When Noisy Labels Meet Long Tail Dilemmas A Representation Calibration Method

[ calibration  data-balance  noisy  dataset  deep-learning  long-tail  co-teaching  ]

This is my reading note for When Noisy Labels Meet Long Tail Dilemmas: A Representation Calibration Method. The paper proposes a method to train model from a dataset contains long tail and noisy labels . It’s based on contrast learning to learn a robust representation of data; then clustering process is applied to recover the true labels.

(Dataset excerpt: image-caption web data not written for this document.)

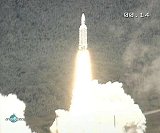 XMM Satellite Ariane Launch
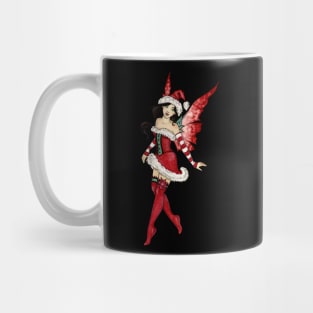 Miss Santa Fairy Mug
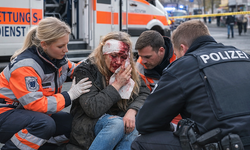 Bremen’de Kadına Şiddet: Kadın Yüzünden Ağır Yaralandı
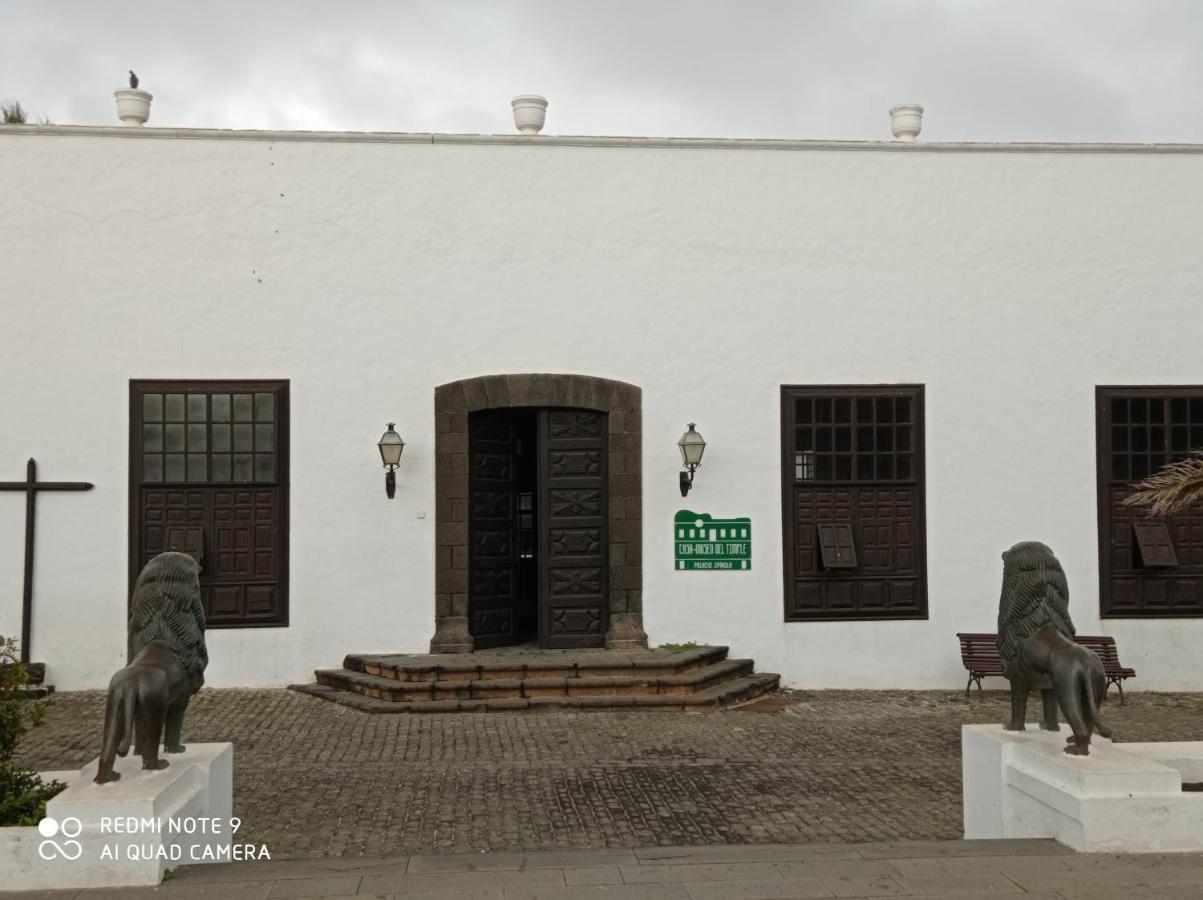 Precioso Apartamento Con Terraza En Teguise Teguise  Exterior photo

It is hence significant to address the simultaneous incorrect labeling and class-imbalance, i.e., the problem of learning with noisy labels on long-tailed data. We propose a representation calibration method RCAL. Specifically, RCAL works with the representations extracted by unsupervised contrastive learning. We assume that without incorrect labeling and class imbalance, the representations of instances in each class conform to a multivariate Gaussian distribution, which is much milder and easier to be checked. Based on the assumption, we recover underlying representation distributions from polluted ones resulting from mislabeled and class-imbalanced data. Additional data points are then sampled from the recovered distributions to help generalization. Moreover, during classifier training, representation learning takes advantage of representation robustness brought by contrastive learning, which further improves the classifier performance (p. 1)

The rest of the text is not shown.